Listening to Rubinstein is like escaping into an imaginary world
Rubinstein Plays Brahms
In the 1980s I gave my mother, who was a professional violinist, the original LP of this CD, but I think I always loved it the most. When I was younger I would lie on the floor with my eyes closed and listen to the whole record, always disappointed when the end came. Listening to Rubinstein is like escaping into an imaginary world. He has an incredibly vocal and expressive sound, and phrases beautifully.
English Baroque Soloists/Monteverdi Choir
Bach Mass in B minor
When I first heard this work I was surprised that three hours could pass by so quickly and meaningfully – it really opened my eyes to the world of choral music. Listening to the mass, you are transported to a prayerful place, full of beauty. I love the pacing of this particular recording conducted by John Eliot Gardiner. There’s a great contrast between soloists and the highly expressive chorus, and the colourful combinations of continuo instruments help to keep this huge piece flowing from beginning to end.
Bach Sonatas and Partitas for Solo Violin
I can listen to this recording over and over again. Milstein’s tone is so beautiful, his interpretation seems so natural and he brings out the architecture of the music. He balances everything from the large form and structure of each movement to the smaller motifs and other ideas, while at the same time maintaining a strong melodic sense and expressive sound. This music brings back good childhood memories of my mother listening to Milstein.
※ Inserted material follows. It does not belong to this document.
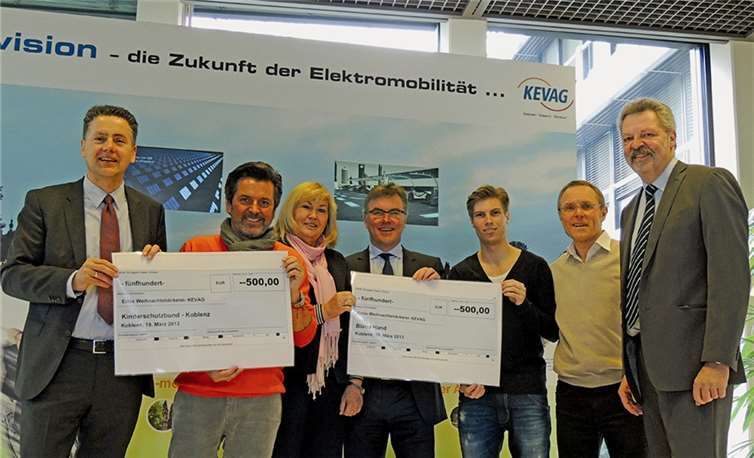 Mit großer Freude wurden die beiden Schecks übe 500 Euro entgegengenommen.  privat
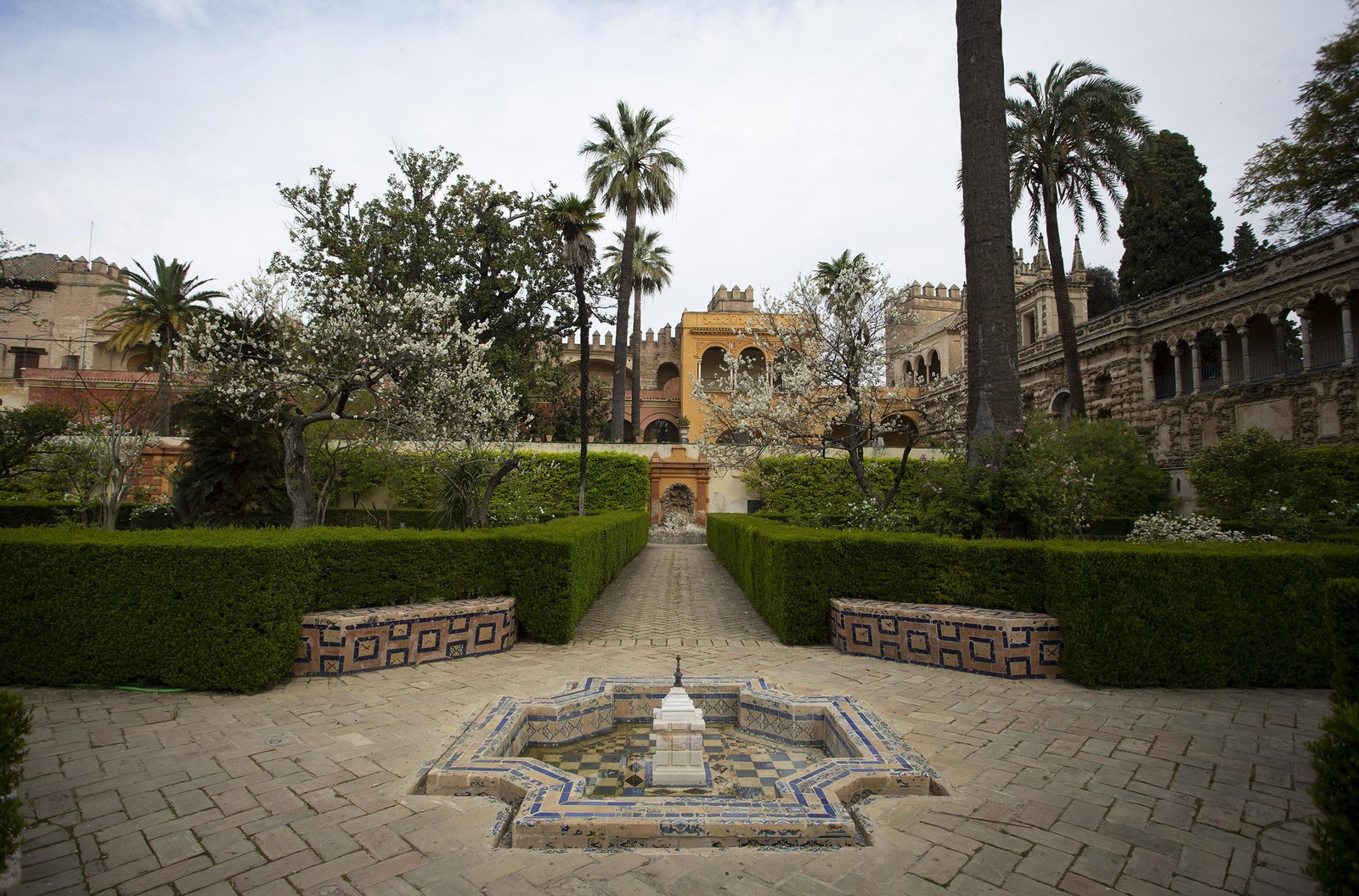 Coronavirus: Un paseo por los Reales Alcázares de Sevilla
The Violoncello in the 17th Century
This recording from 1989 was one of the first devoted to early solo cello music. The variety, humour, virtuosity and use of colour are amazing. I discovered Frescobaldi’s Canzoni from this recording, and as a result transcribed and performed several of his works on the bass, working from a facsimile of an original manuscript.
Lorraine Hunt Lieberson
Lieberson’s artistry is amazing on this recording with conductor Craig Smith and musicians from Emmanuel Music. The range of vocal expression both from her voice and from the orchestra is captivating. The ensemble seems to be of one mind, expressing the meaning of the text along with Lieberson, from the moment of the first phrase of Ich habe genug (I have enough).